The results from all this hard work should be worth the effort, though.
Fewer dandelions will poke their little yellow heads through my grass. Freshly planted seeds, blessed with water, time-release food, and sunshine will bring new life, a new perspective, vegetables, and herbs. Yes!
I love gardening and yard work. It’s therapy. Earth has given so much to me; you should see my fingernails and hemorrhoids.
Give me an old knife, a pitchfork, and shovel, and Freddy, look out! Every taproot I hold in my hand is a sign of victory. Auntie over Earth. Auntie loving Earth. Auntie showing Earth what can grow in her yard—and what can’t.
When I first bought this property in 1994, it was riddled with ants, weeds, lumps, and slugs. The former residents were too busy with paying work to work toward the big payoff—a beautiful home and yard.
I’m into the old “pride of ownership” thing. If you’re going to own something, you should take care of it, all the way. The benefits are visible and intrinsic. Guests feel more welcomed when a home is nurtured. My daughter and I feel better, because we’re comfortable and our eyes see loveliness.
In 1994, the ants were having the time of their lives. They owned this property. Being a naturist and naturalist, I wanted to let them know how I felt about their presence, naturally, so I bought bags of oranges, ground them in our blender, and poured pulp and juice over the ants’ primary living area, which was everywhere. Orange juice is supposed to cause their little lives to move toward Ant Hill Heaven.

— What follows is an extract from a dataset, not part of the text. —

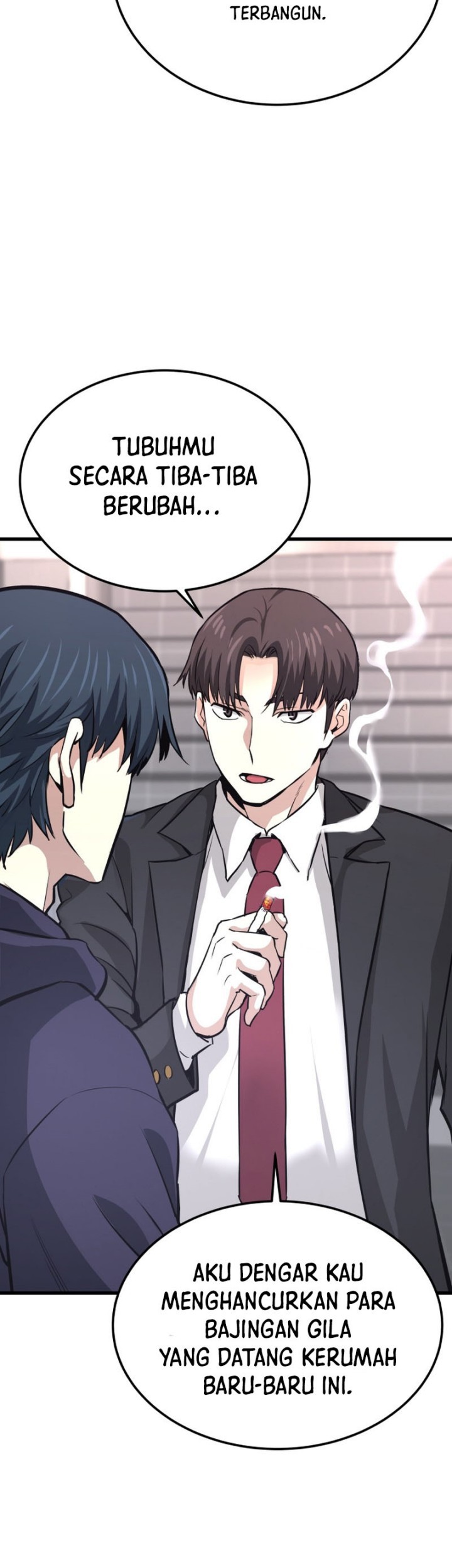 Han Dae Sung Returned From Hell Chapter 10 - halaman 52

The ants in our yard, however, must have had scurvy, because they led more productive lives with my generous gifts of vitamin C. They’d lick their little lips, burp, take their little legs and wipe their mouths a few times, burp again, and say, “Thank you, Miss Eartha! We knew living here would be heaven.”
So I bought Diazinon. “Oh, good,” they’d murmur, “here comes Miss Eartha with breakfast.” Yum, yum, croak. Darwin, however, is alive and well, philosophically speaking. Survival of the fittest prevails to this day, and God, are they huge!

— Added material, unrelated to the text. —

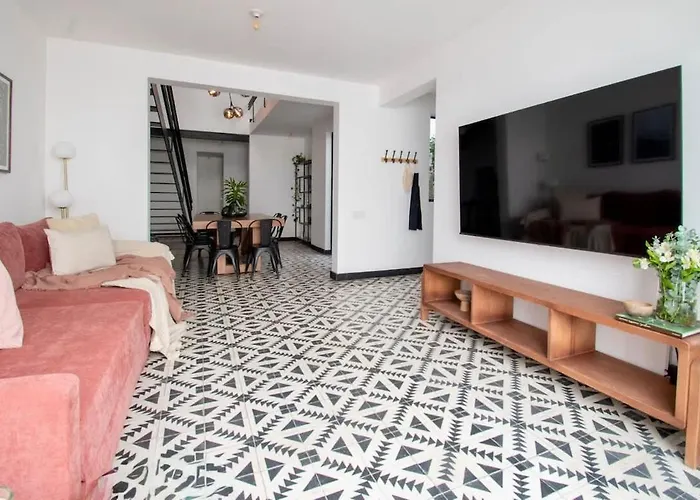 Spacious 4br With 5 Beds México DF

The lumps in our yard are clay—not the modeling type. The house moves atop the clay as if it were a boat, not brick, and definitely not good for being pulled on water skis. Cracks in the house open when the ground is dry and close when wet, so they primarily remain open.
I don’t want to fill the cracks, because if I fall into a lot of money before I fall out of this house, I’ll have the house leveled—not razed, but pushed back into place, so the house will sit on the same elevation. Right now the north side is at 6,732, and the south side sits at 6,543. Uneven, but we get a decent workout just going to the bathroom.
And the slugs. They’re those oversize snails sans shells. I tried the natural massacre on them too. Pour beer into a shallow tin, which draws them in (hypothetically), then they drown in beer.
A waste of good barley, but I tried it anyway, ’cause if I were to go naturally, why not drown in beer. That way when I’d pass my final fluffer amongst my sluggish friends, I wouldn’t be alive to experience embarrassment.
But the slugs didn’t like the beer I chose. For me, I like a darker, more expensive brew. When I go to the bathroom, I like to know I had a good brew. For the slugs, as when I was in college, I bought Old Milwaukee. Not a bad beer if you’re broke. Our slugs must have been opulent, livin’ the high life.
“No thanks,” they oozed as they slithered along leaving a slimy film in trails in our yard, “contact us again when you’re serving Black and Tan.”
Eventually, through nurturing and poking holes in our soil, the slugs transmogrified into my former boyfriend, but I kicked his proverbial arse out of my home (slapping hand wipe and a whew!).
So if anyone out there would like a group therapy session, I could use the company…and I have very good beer I will share.